Nonetheless, he rejected suggestions that the equal score would fail to settle once and for all the question of who is the world’s greatest player. FIFA, football’s governing body, famously dodged the issue by jointly awarding its Player of the Century award to both men.
“No, I am the best. Everyone knows that,” Pelé insisted. “If you ask my mother or my father, you’ll see — they will say I’m the best.”
Ricardo Guadalupe, chief executive officer of Hublot, downed a celebratory glass of Champagne after the event, which also drew a handful of protesters who chanted slogans against the new labor law and tooted horns.
“We managed the impossible,” said the executive. “Listen, until the last moment, we thought it wasn’t going to happen, so it’s a bit of a dream come true.”

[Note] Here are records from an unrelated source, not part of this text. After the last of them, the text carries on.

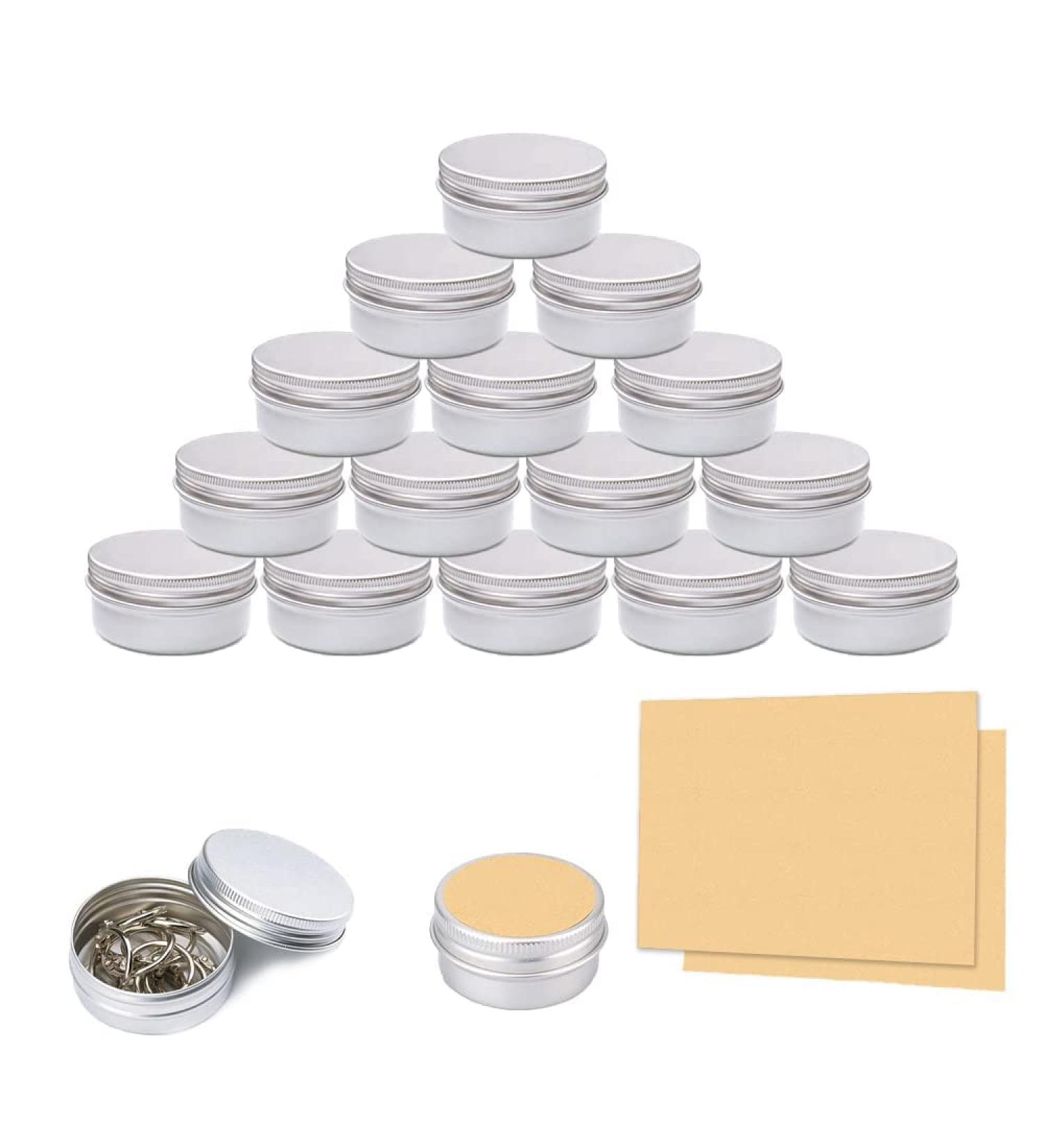 20 Pack 15ml Silver Aluminum Jars | Travel Cream Can with Screw Cap for Cosmetics Lip Balm Lotion Candles & Nail Art - Buy Online on GoSupps.com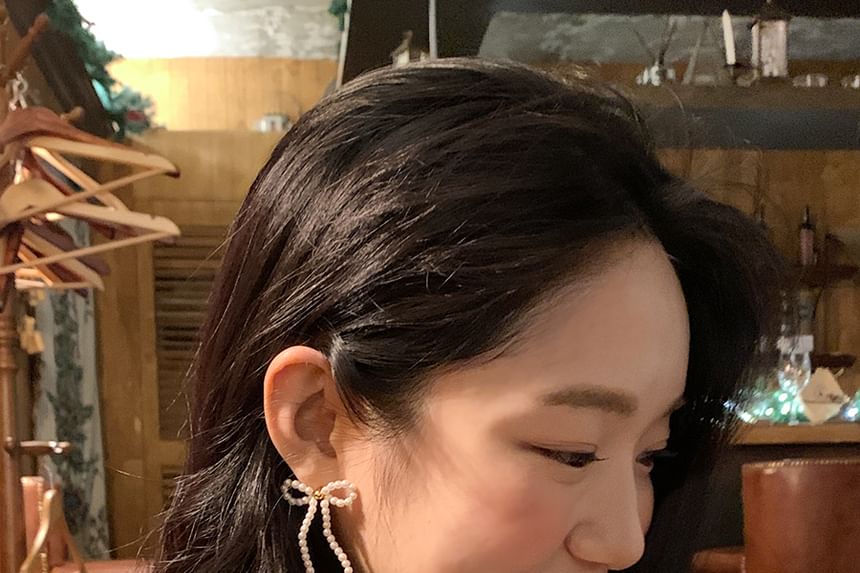 Stud 925 Sterling Beaded Silver Bow Earring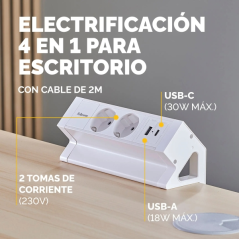 Fellowes Regleta de Sobremesa de 2 Tomas - USB-A - USB-C - Cable 2m - Abrazadera para Escritorios de 10 a 45mm - 19.64x9.7x8.75c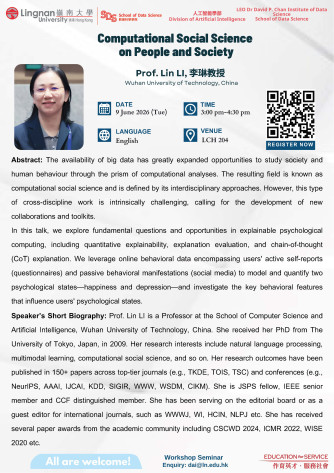 Workshop Seminar - Prof. Lin Li
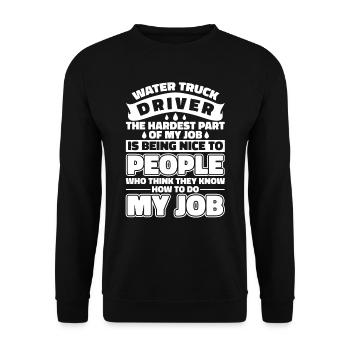 Truck Driver Trucker Truck Driver Funny - Unisex Sweatshirt - black - Front - Alina (178cm) & Michal (187cm)
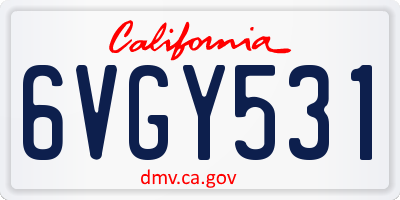 CA license plate 6VGY531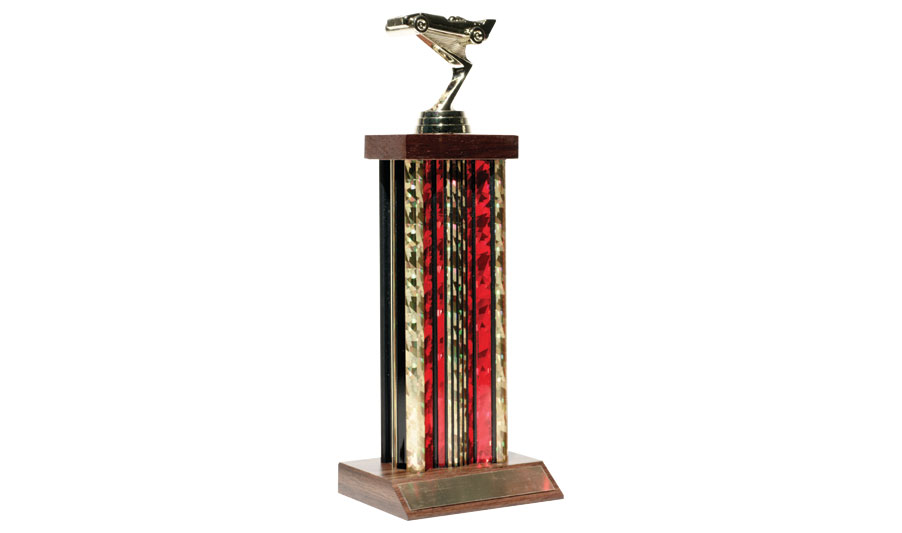 11-inch Deluxe PineCar Trophy-Second Place - Get this 11" Deluxe Second Place Trophy for the winners of your PineCar Derby! The trophy includes a brass-plated label for engraved personal information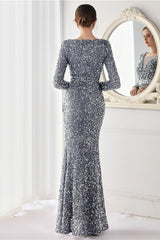 Burgundy Sequined Long Sleeves Evening Dress with Slit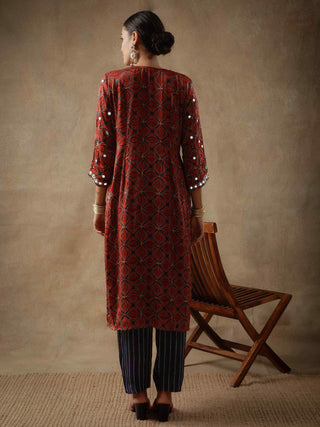 Red ajrakh silk kurta set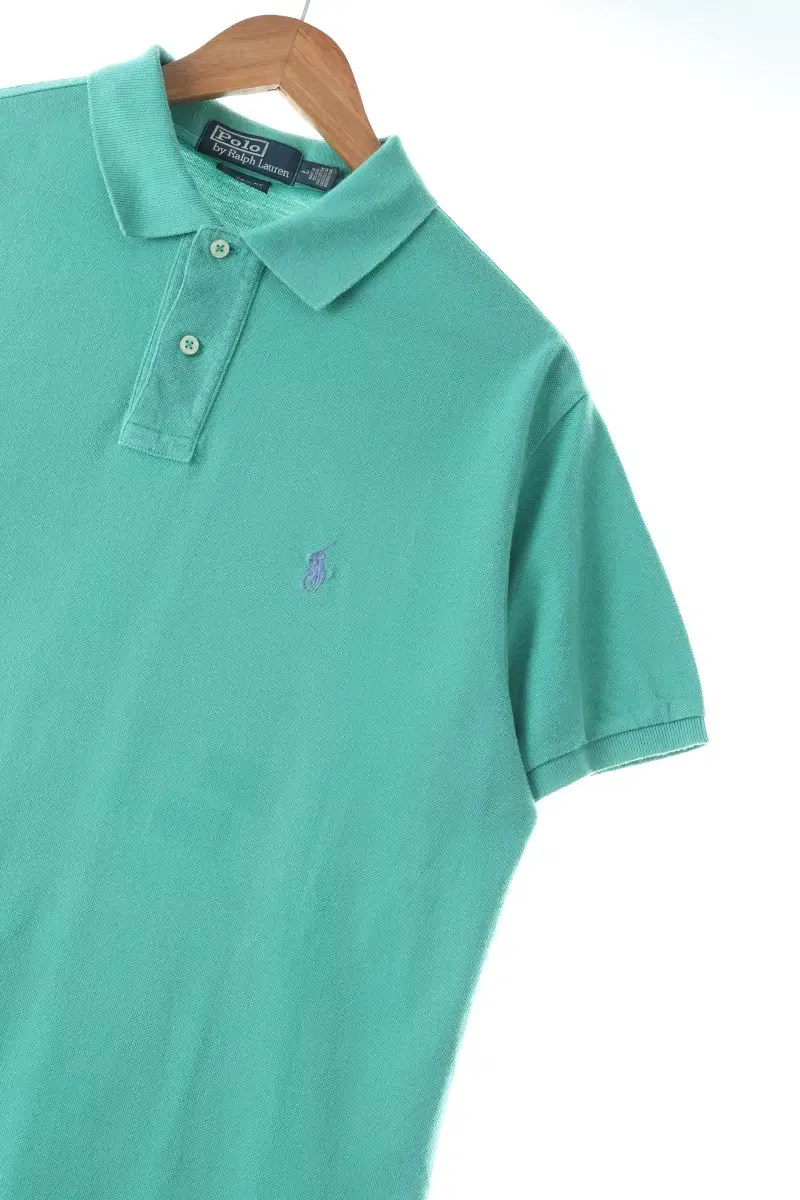 (L-XL) Polo Ralph Lauren Short-sleeved kara T-shirt Green cotton loose fit-EB94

Hublot, an official partner of Euro 2016, has been active on the football pitch for 10 years. In addition to its partnerships with leading clubs Bayern Munich, Paris Saint-Germain, Ajax, Juventus and Chelsea, it is the official timekeeper of the FIFA World Cup, a deal set to run through 2022.
“During the 2014 World Cup, we had 21 minutes of brand visibility on television, reaching a combined viewership of 20 to 30 billion people with our panel in the shape of a Big Bang,” he said, referring to Hublot’s best-selling watch model. “People register that Hublot is a watch brand and even if, obviously, not everyone can afford one, it becomes an aspirational brand,” he added.
Guadalupe said he was rooting for France to do well in the competition after a traumatic year that has sapped tourism and luxury spending. “I would love for them to have a great victory in their inaugural game against Romania tomorrow, because I think there is also a strong psychological component to this. It would be good for France if French people all focused a little on the Euro and supported their country,” he added.
Pelé was reluctant to pick a Euro winner, noting the beautiful game had produced some unlikely champions of late, such as English Premier League winners Leicester City. “That’s football — it’s a box of surprises,” he said.